Exercise instructions
Every line of the data below is to be given again as it appears, with the images removed.
--- Available data ---
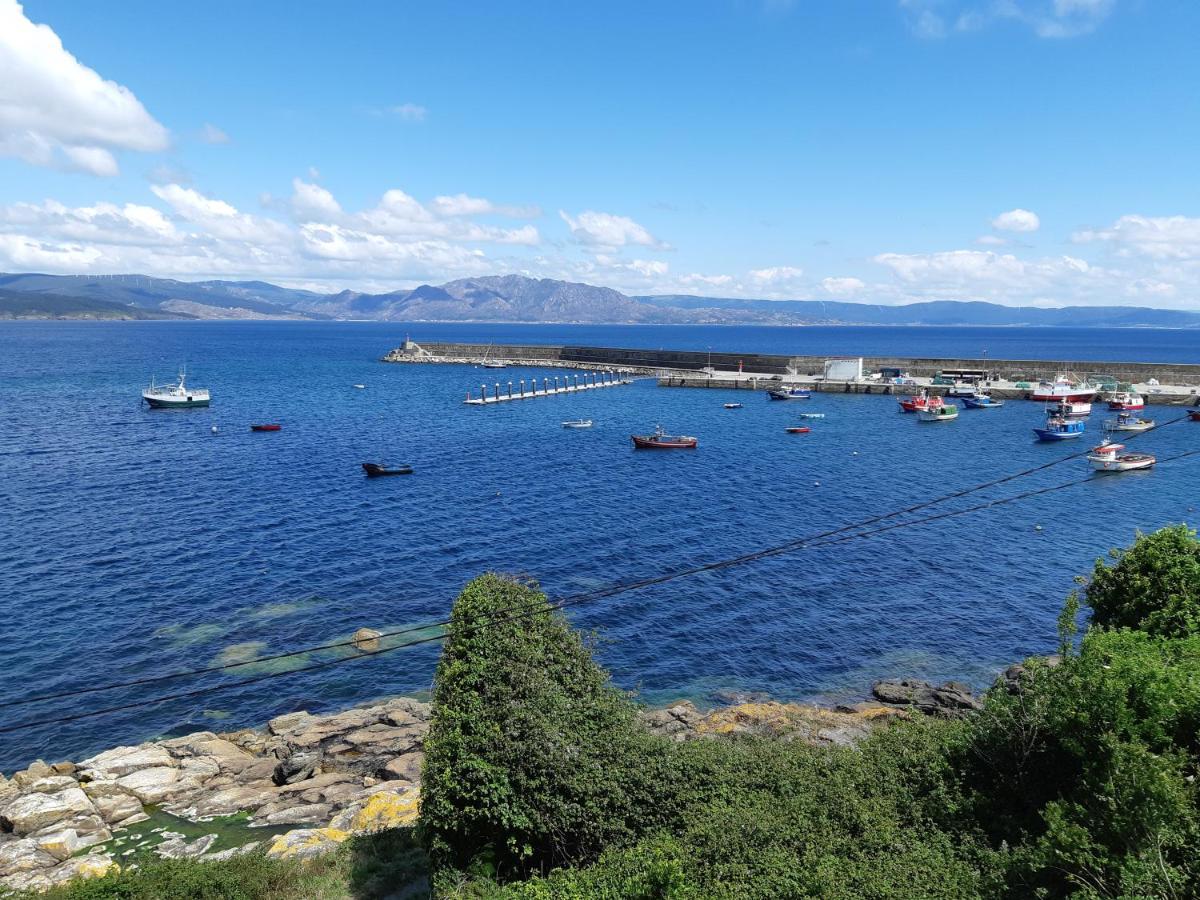 Apartamento Pirulana Apartman Finisterre Kültér fotó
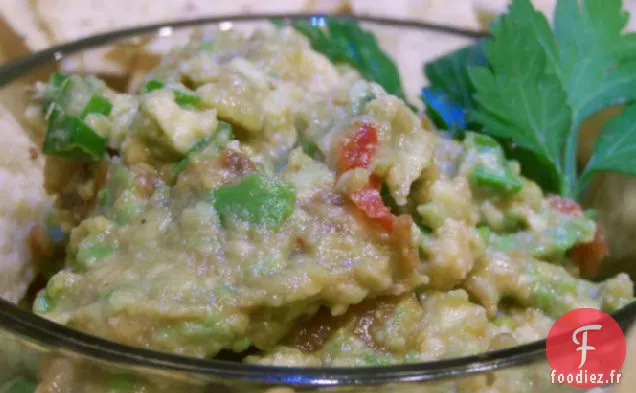 Guacamole pour 1 ou 2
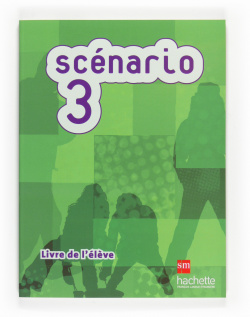 SCENARIO (3) 2ºBACHILLERATO (LIBRO) -FRANCES-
---
Output
 Apartamento Pirulana Apartman Finisterre Kültér fotó
 Guacamole pour 1 ou 2
 SCENARIO (3) 2ºBACHILLERATO (LIBRO) -FRANCES-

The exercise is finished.